Derrière Atamone se cache Tam Kadjulik, un artiste Inuk dont le parcours ne ressemble à aucun autre. Né à Montréal, il ne s’est jamais contenté d’un seul terrain de jeu. Cinéma, animation 3D, design sonore, médias interactifs… autant de disciplines qui nourrissent aujourd’hui une musique profondément sensorielle. Et ça s’entend. Chez lui, chaque morceau semble pensé comme une scène, une ambiance, presque une séquence de film que l’on traverse les yeux fermés.
Depuis 2011, Atamone façonne des beats délicats, à la croisée du jazz, de la soul, du hip-hop et de l’électronique. Mais réduire son travail à un simple mélange d’influences serait passer à côté de l’essentiel. Ce qui frappe surtout, c’est cette capacité à créer des atmosphères. Ses productions ont quelque chose d’intemporel, comme suspendu entre analogique et numérique, entre passé et futur. Samplers, drum machines, séquenceurs : il joue avec les textures comme d’autres jouent avec les mots.
Il y a aussi dans sa musique une vraie douceur, presque thérapeutique. Des mélodies aériennes, des rythmes décontractés, une chaleur diffuse qui s’installe progressivement. On est loin des productions tape-à-l’œil : ici, tout est question de sensation, de respiration. Une musique qui prend son temps, et qui nous invite à faire pareil.
Avec Prologue, Atamone ouvre justement un nouveau chapitre. Comme son nom l’indique, cet album fait écho à Epilogue, sorti en 2025. Mais là où ce dernier pouvait évoquer une forme de conclusion, Prologue marque un recommencement. Un renouveau nourri par un changement de décor, un déménagement, une évolution personnelle qui semble avoir profondément influencé sa création.
Le résultat ? Un album que l’artiste décrit lui-même comme “aromatique et floral”. Une formule intrigante, mais qui prend tout son sens à l’écoute. Les morceaux évoquent les saisons, le passage du temps, une certaine idée de simplicité retrouvée. On y découvre des paysages sonores à la fois apaisants et lumineux, entre chemins cachés et éclaircies ensoleillées. Une invitation à ralentir, à observer, à ressentir.

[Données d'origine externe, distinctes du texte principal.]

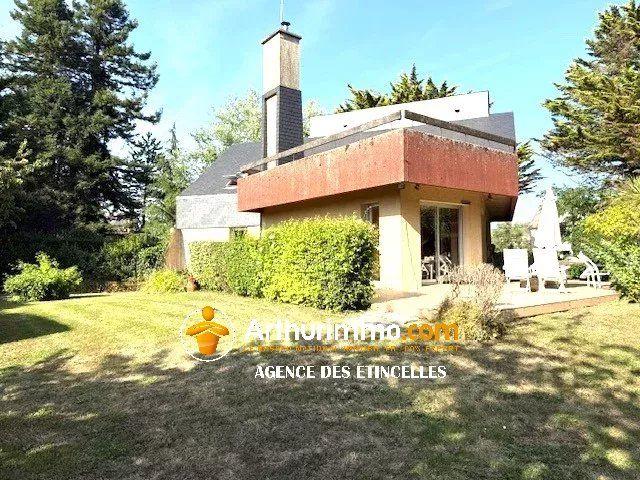 Maison - 215 m² - 7 pièces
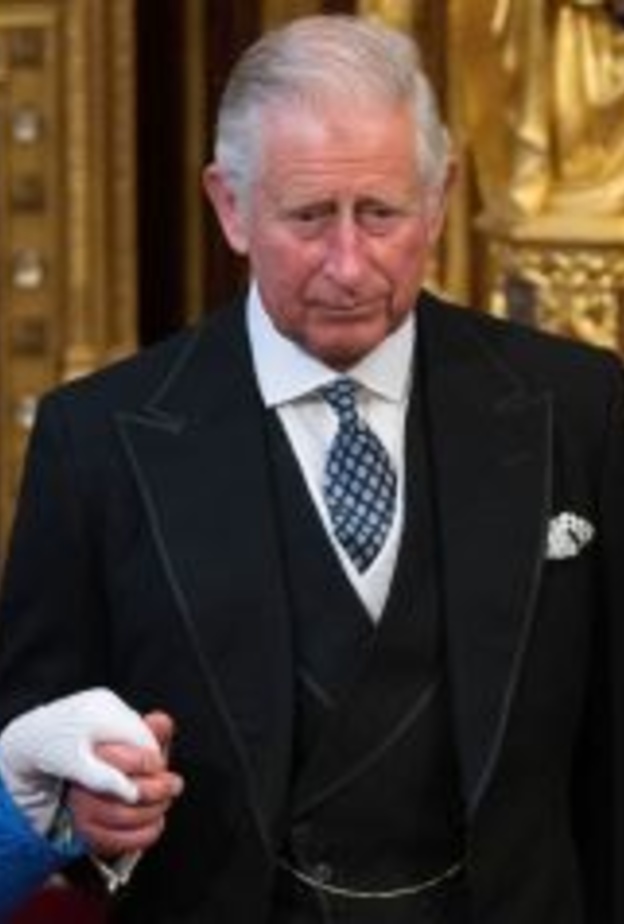  الأمير تشارلز يصل قلعة بالمورال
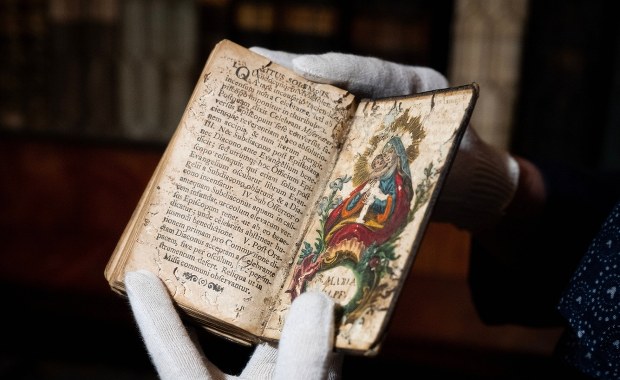 Plaga chrząszczy w opactwie. Zagrożone bezcenne księgi  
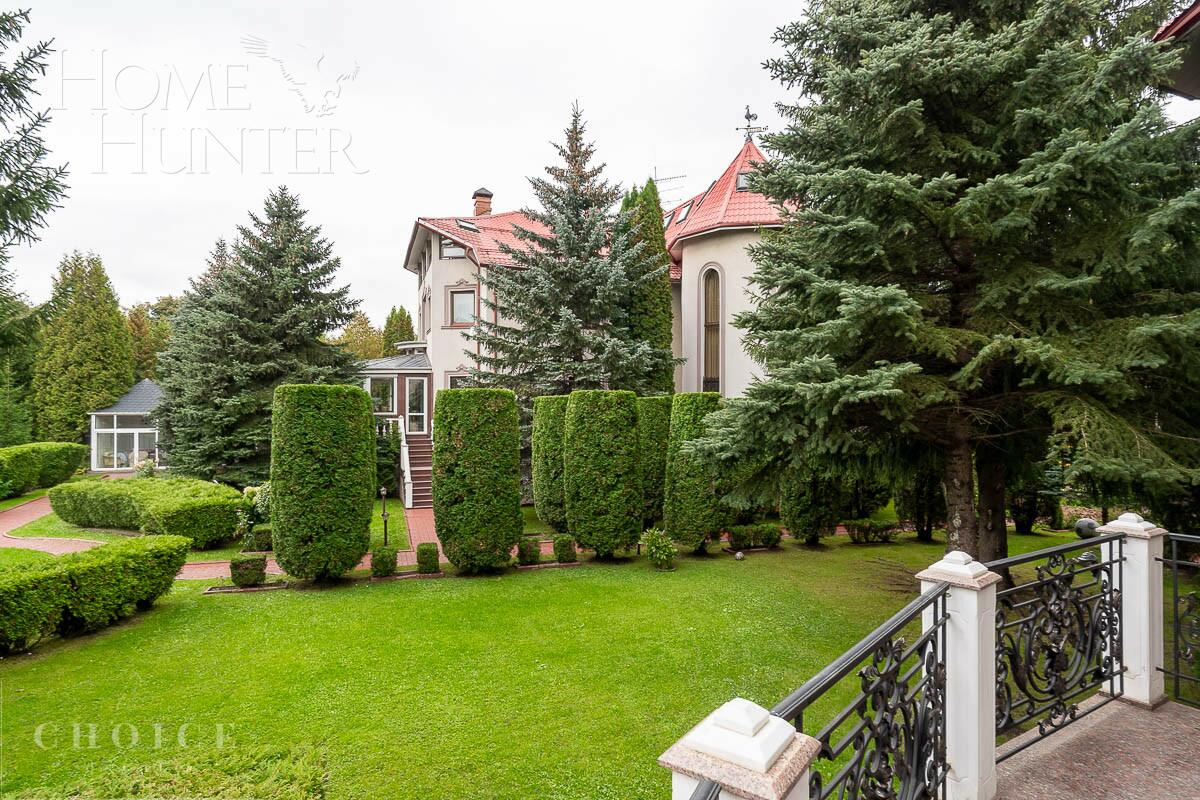 3-этажный коттедж 880 м² с отделкой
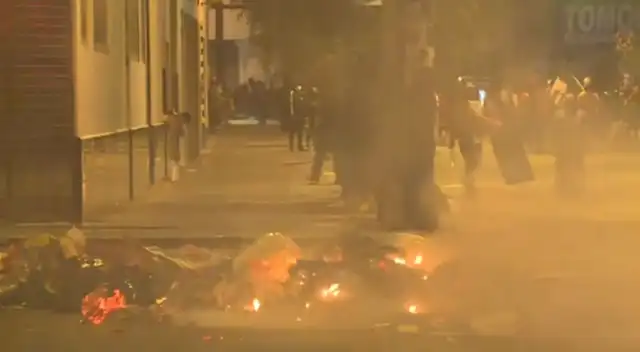 Los vándalos quemaron llantas, botellas y objetos personales para arrojarlas a los agentes PNP.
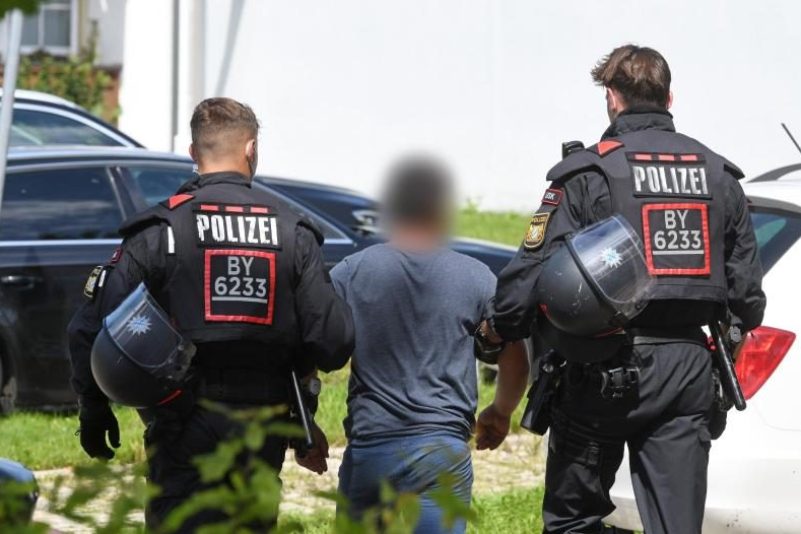 Festnahme nach Missbrauchsverdacht – Gerangel zwischen Großfamilie und Polizei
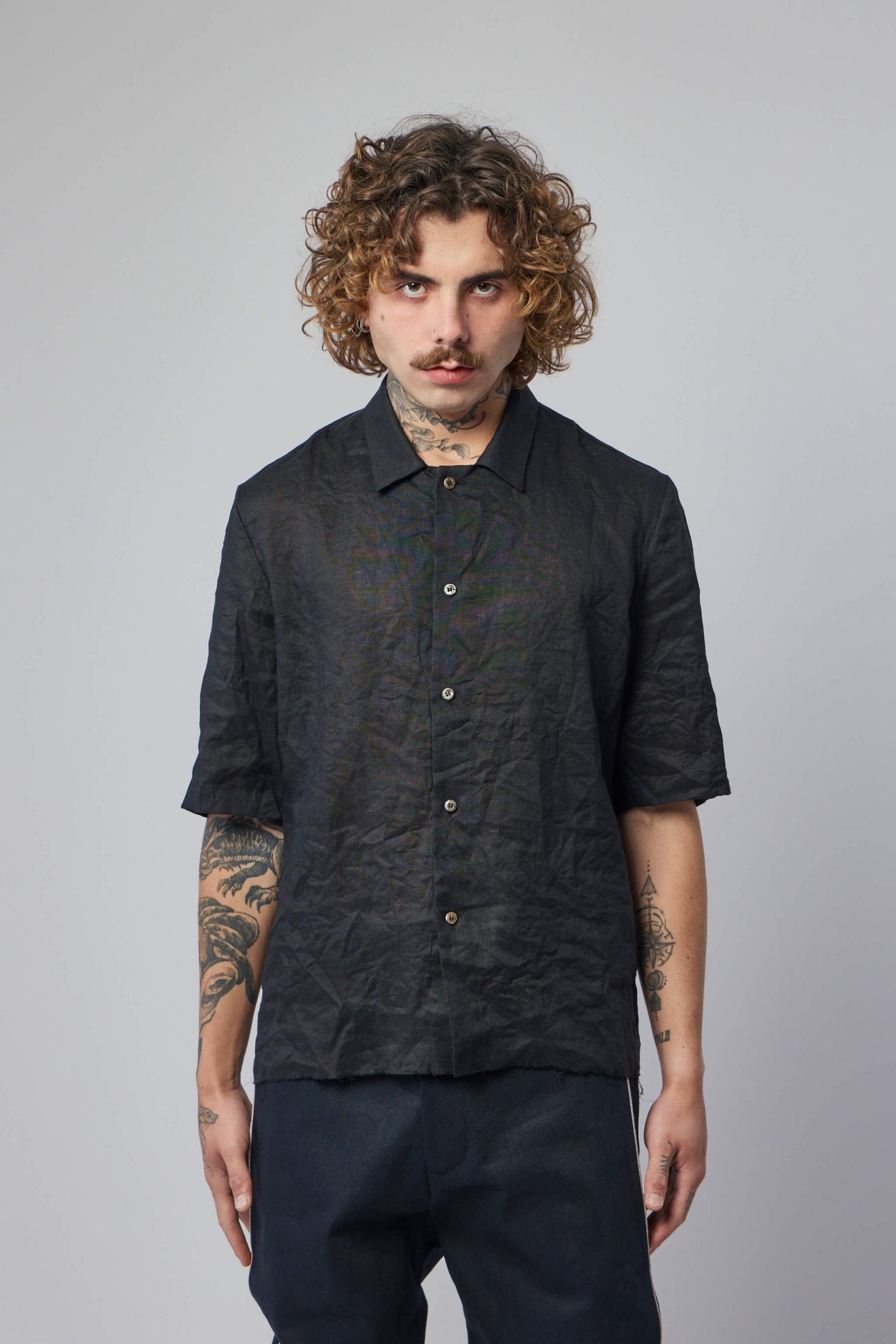 K'Ang - Unisex Fitted Short Sleeve Shirt - LABELS
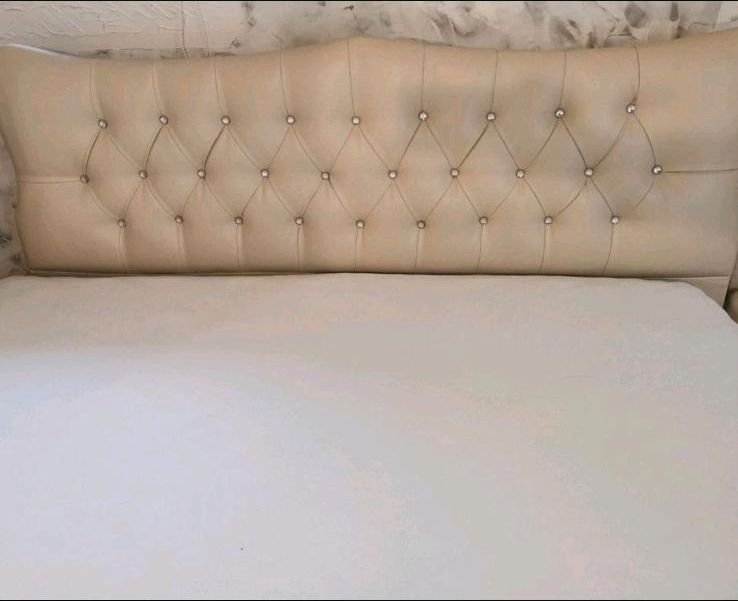 Boxspringbett beige creme 160 x 200 in Dortmund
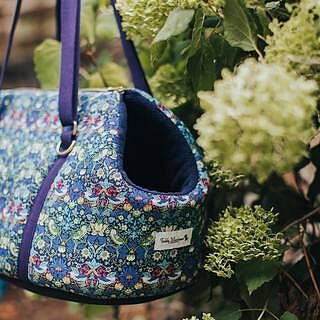 Strawberry Thief Adjustable Luxury Dog Carrier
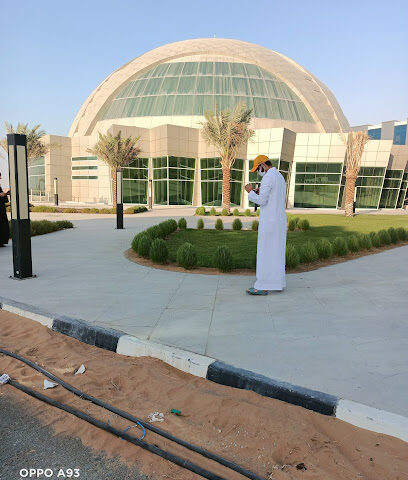 Umm Al Quwain University - Umm Al Quawain - +971 6 766 5597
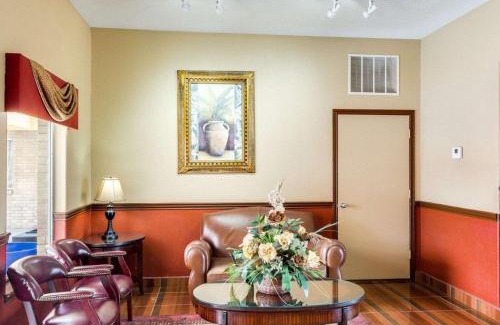 Eagle Pass Hotel | Econo Lodge Inn & Suites Eagle Pass
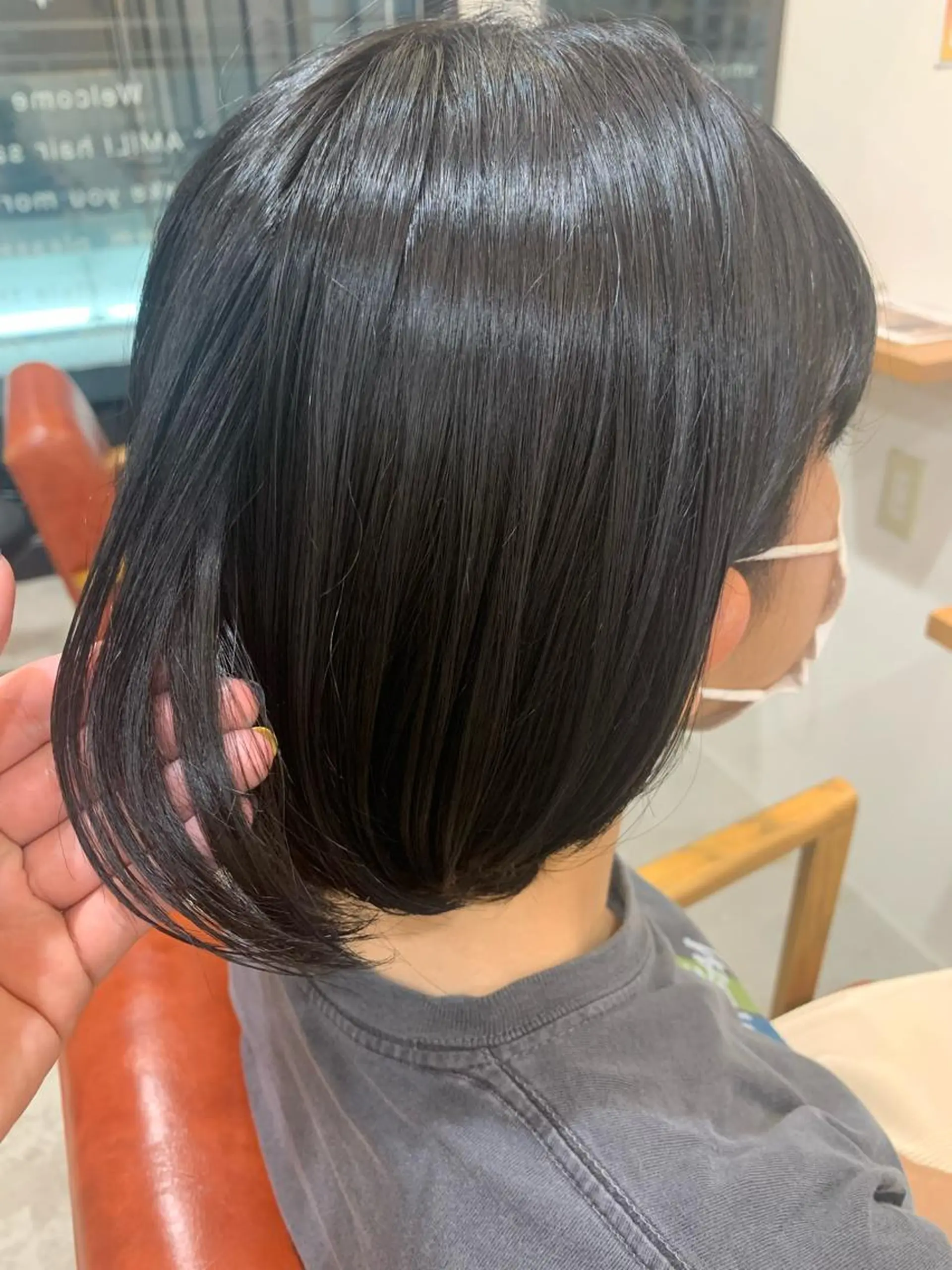 ショート om's poka 伊藤百花のヘアスタイル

Ce projet marque aussi une étape importante pour le label Nikamo Productions, fondé par Samian, qui célèbre cette année ses cinq ans. L’arrivée d’Atamone dans cette famille artistique vient renforcer une ligne éditoriale déjà engagée, tournée vers des voix singulières et des propositions fortes.
Avec Prologue, Atamone ne cherche pas à en mettre plein la vue. Il propose plutôt une expérience. Une parenthèse musicale sincère et immersive, à découvrir dès le 22 mai sur toutes les plateformes. Et franchement, dans le bruit ambiant, ça fait du bien.